Покамест хвост в ограде
— …смотрю: коровы – я таких в жизни не видела, хотя на Кубани десять лет проработала дояркой! Светятся, хвостики у всех пушистые, коленочки чистые, везде опилочки настелены. Спрашиваю: «Кто здесь работает?» Говорят: «Конышев». И я сразу подумала: вот это да! Вот это человек работает! Я такого никогда не видела: хвосты – пушистые!Мы пьем чай; Герой Кузбасса Александр Конышев терпеливо и заинтересованно прислушивается к интонациям жены Любы; внук, одиннадцатимесячный Ярик-Ярослав, бродит по комнате, пытается стащить со стола конфету; разговор нетороплив, клубок жизни разматывается, нить ее пушиста.
В речи самого Конышева то и дело проскакивают слова-оговорки, по которым беспроигрышно угадывается профессия: «…у нас, доярок…», «даже в трудовой и военном билете записано: доярка. А может, и дояр».
В свои полвека Конышев имеет профстаж длиной в 35 лет, но с коровами жизнь свела его гораздо раньше. Доярки, с которыми начал работать сразу после окончания восьмилетки, говорили ему: «Ты с пяти лет под коровами сидел, не вылазил от них».
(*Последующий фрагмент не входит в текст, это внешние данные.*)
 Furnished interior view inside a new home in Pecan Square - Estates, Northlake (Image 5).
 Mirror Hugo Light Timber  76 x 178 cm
Дояркой четыре десятилетия отработала мать. Отец земле да коровам отдал 47 лет, был и управляющим фермой, и зоотехником. Свои первые деньги Сашка заработал то ли в двенадцать, то ли в тринадцать, летом подменяя доярок. Помнит их, свои первые деньги: 21 рубль, хватило на школьный костюм с ботинками.
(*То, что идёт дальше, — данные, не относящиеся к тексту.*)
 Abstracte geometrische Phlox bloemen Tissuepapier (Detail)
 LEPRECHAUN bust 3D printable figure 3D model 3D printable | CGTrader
Семья была большая, всякой разной скотины держали много; когда четверо старших братьев да сестер выросли, в помощниках остался он, последний.
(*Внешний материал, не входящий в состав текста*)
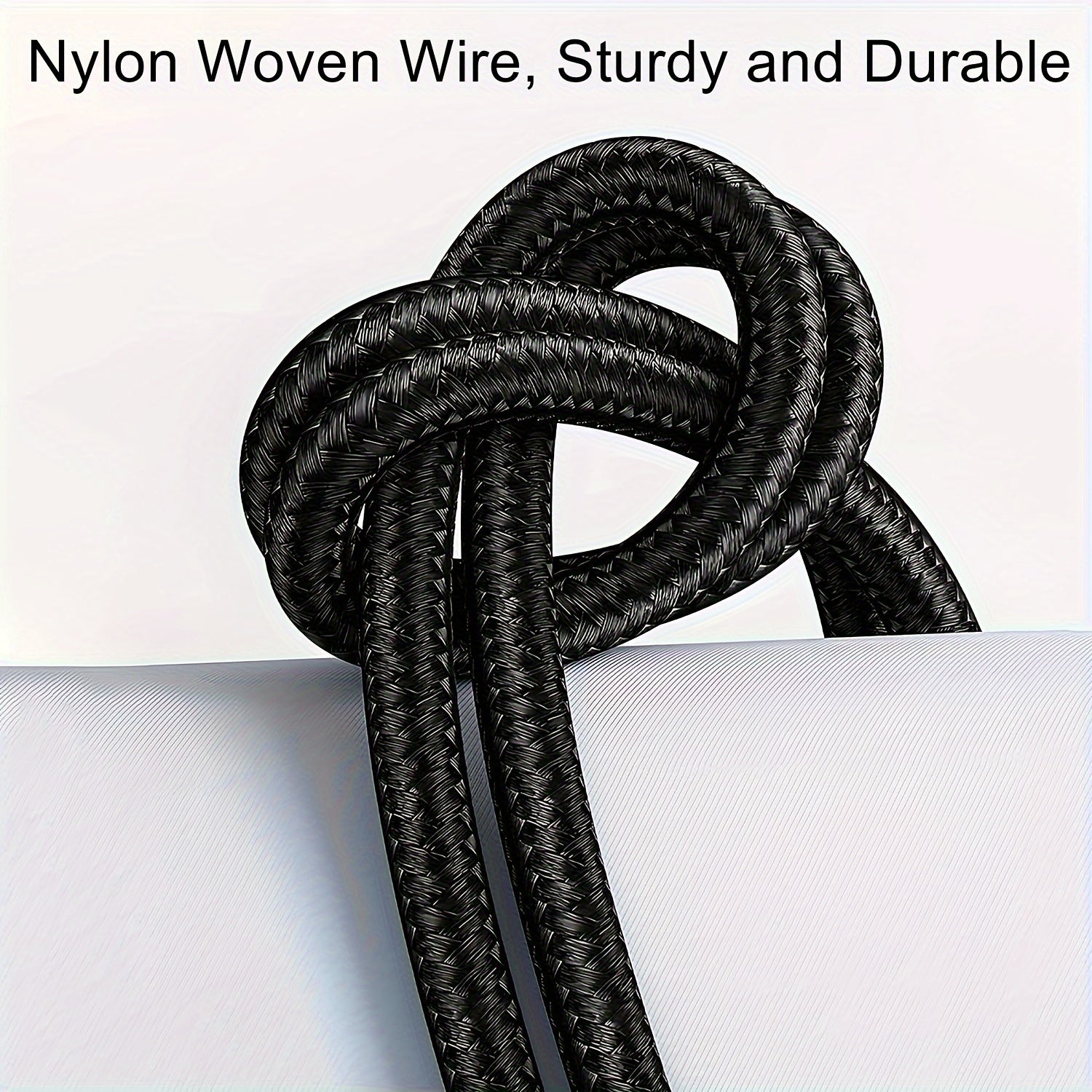 Nylon Woven Fast Charging Cable for iPhone, Type-C, Micro USB Devices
Конышев утверждает, что особых проблем с тем, «мужская» или «не мужская» у него профессия, не возникало.
— Есть такие профессии, что я себя даже не представляю. Гинеколог – никогда бы не пошел. Или парикмахер… Это женщина должна красоту наводить…
К технике он был абсолютно равнодушен еще с детства, зато животных понимал. В самом начале своей карьеры, когда товарки доили по 2200-2300 килограмм молока от коровы в год, у него получалось 2700. В последнее время вплотную подобрался к семитысячному рубежу, в ОАО «Ваганово» столько не надаивает больше никто.
По его стопам несколько раз пытались войти в профессию мужики-односельчане, но максимум, ими достигнутый, – полгода. Специфика, однако.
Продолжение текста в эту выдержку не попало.